Namun, ia menolak keras jika perayaan Natal dilakukan bersama umat Islam.
“Tapi kalau Natalan bersama dengan umat Islam, jangan. Tidak boleh. Karena ini berkenaan dengan ibadah. Maka ibadah itu kembali pada prinsip lakum dinukum waliyadin. Masing-masing agama silakan beribadah sesuai keyakinannya,” kata Kiai Cholil.
Terkait kehadiran Menteri Agama dalam perayaan Natal, Kiai Cholil menilai hal tersebut diperbolehkan sepanjang berada dalam koridor tugas kenegaraan dan tidak ikut dalam ritual ibadah.

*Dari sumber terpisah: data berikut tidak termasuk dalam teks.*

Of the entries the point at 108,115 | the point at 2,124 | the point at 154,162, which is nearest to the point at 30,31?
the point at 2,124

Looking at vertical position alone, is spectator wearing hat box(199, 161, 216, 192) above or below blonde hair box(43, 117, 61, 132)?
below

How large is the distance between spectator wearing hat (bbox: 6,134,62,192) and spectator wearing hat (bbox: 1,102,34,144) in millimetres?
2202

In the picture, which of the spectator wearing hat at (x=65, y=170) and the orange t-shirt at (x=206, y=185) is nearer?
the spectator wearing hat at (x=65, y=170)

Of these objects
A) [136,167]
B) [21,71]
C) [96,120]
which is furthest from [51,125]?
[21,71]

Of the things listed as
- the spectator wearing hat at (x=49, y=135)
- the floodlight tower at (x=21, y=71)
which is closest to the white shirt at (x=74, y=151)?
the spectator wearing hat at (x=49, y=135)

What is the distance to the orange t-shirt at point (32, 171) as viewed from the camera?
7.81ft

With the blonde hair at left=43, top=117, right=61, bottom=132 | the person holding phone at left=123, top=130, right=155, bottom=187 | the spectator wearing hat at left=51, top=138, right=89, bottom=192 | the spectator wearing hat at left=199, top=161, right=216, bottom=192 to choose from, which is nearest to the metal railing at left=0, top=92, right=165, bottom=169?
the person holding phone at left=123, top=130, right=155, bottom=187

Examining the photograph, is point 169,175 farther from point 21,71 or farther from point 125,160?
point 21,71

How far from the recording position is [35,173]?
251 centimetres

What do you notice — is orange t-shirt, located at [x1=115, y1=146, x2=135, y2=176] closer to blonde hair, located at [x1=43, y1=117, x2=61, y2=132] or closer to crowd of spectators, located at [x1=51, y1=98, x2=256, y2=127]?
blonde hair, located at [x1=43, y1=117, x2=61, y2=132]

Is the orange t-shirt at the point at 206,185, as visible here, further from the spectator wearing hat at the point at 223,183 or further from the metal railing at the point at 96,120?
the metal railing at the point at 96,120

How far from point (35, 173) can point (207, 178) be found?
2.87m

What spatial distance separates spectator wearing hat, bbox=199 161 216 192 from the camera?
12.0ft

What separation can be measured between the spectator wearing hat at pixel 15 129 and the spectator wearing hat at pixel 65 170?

“Kalau Menteri Agamanya hadir sebagai pejabat negara untuk menghormati, silakan. Tapi bukan untuk ibadah. Menteri Agama memang membawahi semua agama, tapi tidak berarti semua agama dia peluk. Dia tetap harus berpegang pada agama yang diyakininya,” jelasnya.

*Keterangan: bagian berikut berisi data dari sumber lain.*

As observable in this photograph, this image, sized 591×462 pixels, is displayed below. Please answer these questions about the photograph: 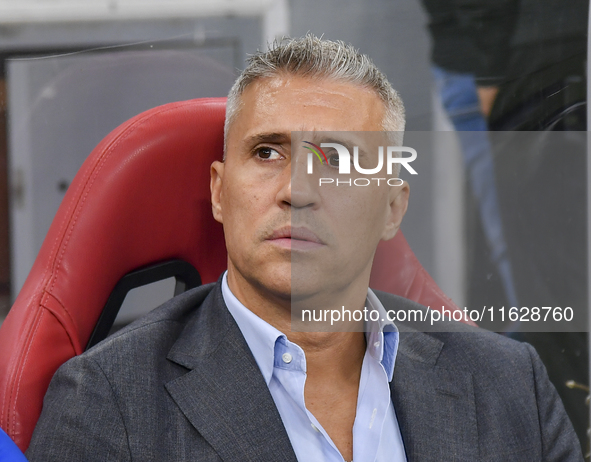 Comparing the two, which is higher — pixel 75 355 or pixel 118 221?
pixel 118 221

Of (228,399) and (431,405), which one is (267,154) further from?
(431,405)

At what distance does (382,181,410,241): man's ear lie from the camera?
1109 millimetres

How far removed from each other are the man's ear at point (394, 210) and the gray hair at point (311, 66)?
0.13m

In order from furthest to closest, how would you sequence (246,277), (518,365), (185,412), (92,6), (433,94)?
(433,94)
(92,6)
(518,365)
(246,277)
(185,412)

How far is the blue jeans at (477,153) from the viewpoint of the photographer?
1359 millimetres

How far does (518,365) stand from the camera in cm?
112

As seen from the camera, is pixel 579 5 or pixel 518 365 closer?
pixel 518 365

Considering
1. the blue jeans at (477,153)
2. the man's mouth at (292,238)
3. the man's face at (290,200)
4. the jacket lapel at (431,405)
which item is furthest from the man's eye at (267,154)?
the blue jeans at (477,153)

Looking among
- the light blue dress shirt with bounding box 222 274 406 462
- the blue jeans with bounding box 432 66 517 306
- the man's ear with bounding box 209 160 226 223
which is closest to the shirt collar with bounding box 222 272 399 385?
the light blue dress shirt with bounding box 222 274 406 462

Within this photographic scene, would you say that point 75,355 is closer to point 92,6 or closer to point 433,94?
point 92,6

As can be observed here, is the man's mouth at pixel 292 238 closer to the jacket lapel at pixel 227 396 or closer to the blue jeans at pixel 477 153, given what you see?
the jacket lapel at pixel 227 396

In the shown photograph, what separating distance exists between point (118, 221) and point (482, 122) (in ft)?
2.86

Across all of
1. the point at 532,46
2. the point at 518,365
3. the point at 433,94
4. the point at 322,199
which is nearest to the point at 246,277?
the point at 322,199

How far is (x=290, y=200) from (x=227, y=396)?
1.04 ft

Ia menegaskan bahwa umat Islam haram mengikuti ibadah agama lain dalam bentuk apa pun, termasuk dengan alasan toleransi atau jabatan.
“Sebagai Muslim, tidak boleh mengikuti ibadah agama lain. Tidak boleh ikut sembahyang di gereja, meskipun atas nama toleransi atau jabatan. Itu hukumnya haram, bahkan dalam fatwa MUI dinyatakan sebagai bentuk penyimpangan dalam beragama,” tegasnya.

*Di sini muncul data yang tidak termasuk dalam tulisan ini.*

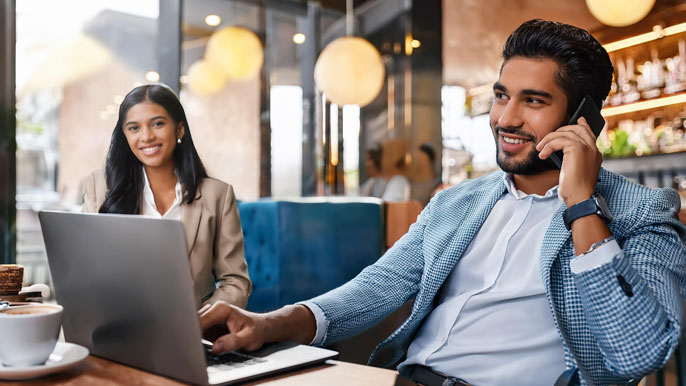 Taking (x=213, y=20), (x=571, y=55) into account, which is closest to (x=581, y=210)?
(x=571, y=55)

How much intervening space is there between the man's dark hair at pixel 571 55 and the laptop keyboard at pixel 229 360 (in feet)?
2.98

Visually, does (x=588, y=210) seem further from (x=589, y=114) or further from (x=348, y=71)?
(x=348, y=71)

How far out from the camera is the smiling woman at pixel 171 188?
125 cm

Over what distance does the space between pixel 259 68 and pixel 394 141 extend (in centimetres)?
165

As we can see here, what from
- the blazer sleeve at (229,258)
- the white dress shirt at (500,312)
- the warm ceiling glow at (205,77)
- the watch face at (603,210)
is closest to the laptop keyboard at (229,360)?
the white dress shirt at (500,312)

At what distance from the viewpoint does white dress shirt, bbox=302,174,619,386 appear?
1.24m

Kiai Cholil menambahkan, apabila yang dimaksud dengan perayaan Natal bersama adalah kehadiran negara dalam memfasilitasi umat Kristiani menjalankan ibadahnya, maka hal tersebut merupakan langkah yang positif.
“Kalau Natalan sesama saudara Nasrani lalu difasilitasi negara, saya dukung. Tapi kalau sudah mengajak umat Islam untuk ikut Natal bersama antarumat beragama, kami tidak merestui dan menolak sepenuhnya,” ujarnya.
Ia pun mengajak seluruh pihak untuk menjaga kerukunan dengan cara yang benar dan sesuai ajaran agama masing-masing.
“Biarkanlah kita saling menghormati. Ibadah dilakukan oleh umatnya sendiri, tidak perlu dicampuradukkan atau dilakukan bersama umat agama lain,” pungkasnya.